Legislative Update: Ag budget proposals released

This week, Senate and House committees released their supplemental funding proposals for agriculture and other jurisdictions ahead of a final legislative deadline this Friday. MFU priorities—including addressing a shortfall in MDA’s AGRI program, a next step on the MinnesotaCare Public Option, meat processing technical training grants, and funding for soil health initiatives—are moving forward. As omnibus budget bills continue to be released, MFU’s leadership and legislative team will be reviewing proposals, providing feedback to lawmakers and testifying on issues relevant to our grassroots policy.

Friday, April 19, marks the third and final deadline for the Minnesota legislature, meaning that all bills that include spending need to be approved by committees in both the House and Senate. At the Capitol, it’s called ‘deadline week’ and it’s a doozy. Chairs are working, sometimes at all hours, to craft their omnibus budget proposals. These big, do-all bills are put together by each committee, pulling together all the individual bills that were heard throughout this session (and sometimes even last session). The challenge for committee chairs is crafting a compromise proposal that meets constrained budget targets and can earn majority support from their committee.

Of course, there are exceptions. The tax committee doesn’t need to adhere to deadlines and the rules committees can waive the rule in certain cases. It’s also important to remember that this is a supplemental budget—any additions or changes amend the budget that was passed last year.

For advocacy organizations, this can be a disappointing week, because proposals that were heard in committee are often not included in omnibus bills. That said and for MFU, priority issues continue to move forward, increasing the likelihood that they’ll be included in a final deal.

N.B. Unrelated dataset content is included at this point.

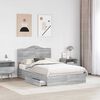 vidaXL Cama con almacenamiento con cabecera Gris Sonoma 135 x 190 cm
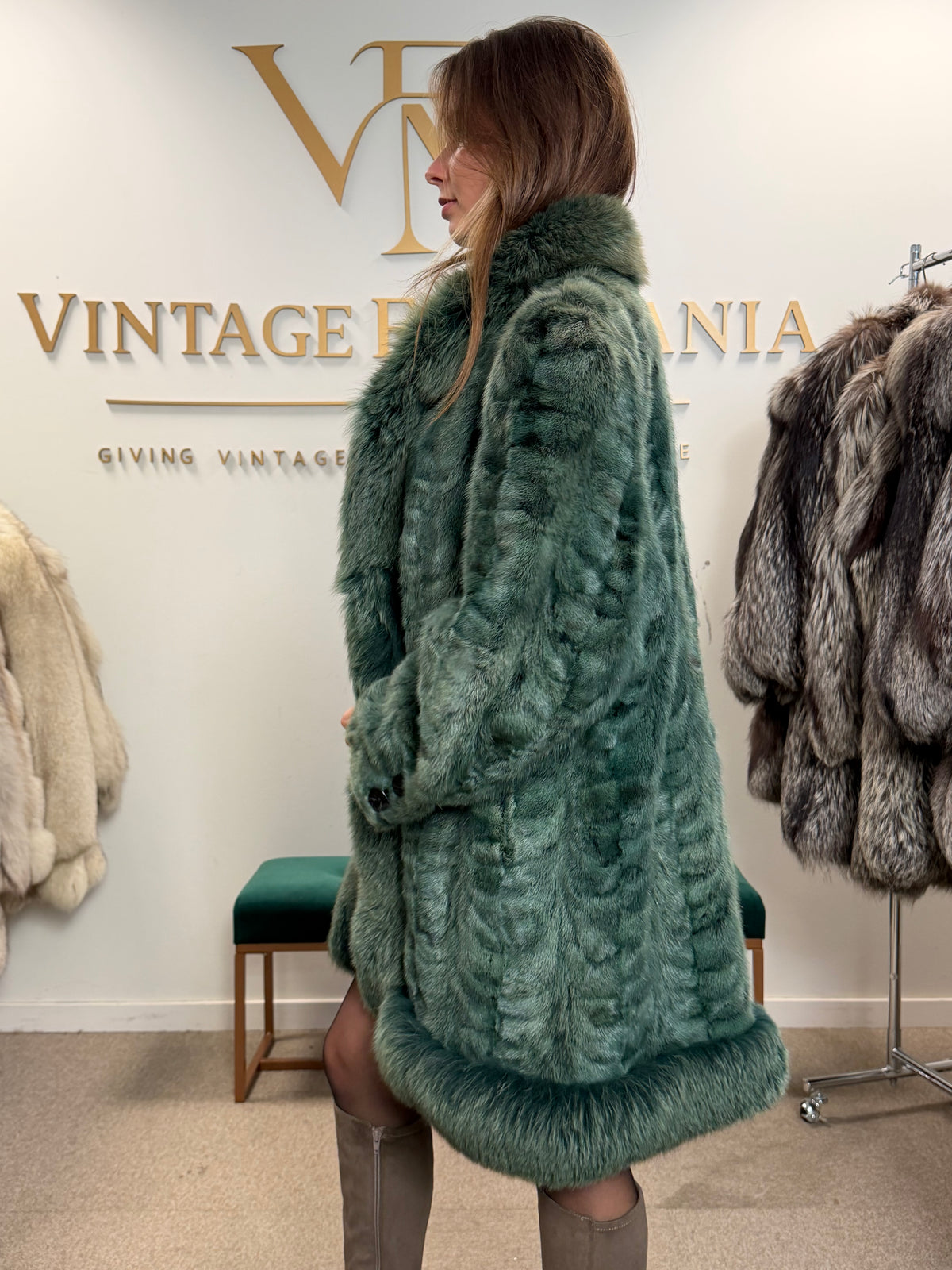 Green Dyed Mink Fur Coat with Fox Collar, XL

For agriculture, Chair Aric Putnam (DFL-St. Cloud) took testimony on his omnibus budget bill on Monday and Chair Samantha Vang (DFL-Brooklyn Center) took testimony on her proposal on Tuesday. In the Senate, MFU President Gary Wertish testified on the proposal.

MFU President Gary Wertish testifying at the state legislature.

“I’m glad to share our strong support for your supplement budget proposal and to thank you and your team for your hard work in crafting it,” Wertish told the committee during testimony. “One of Chair Putnam’s strengths—and a strength of this committee—is that you listen directly to farmers, and we see that reflected in this proposal.”

The largest items in both the Senate (SF3955) and House (HF3763) budget proposals addressed the shortfall in the Agricultural Growth Research and Investment (AGRI) program and address nitrates in groundwater in Southeast Minnesota.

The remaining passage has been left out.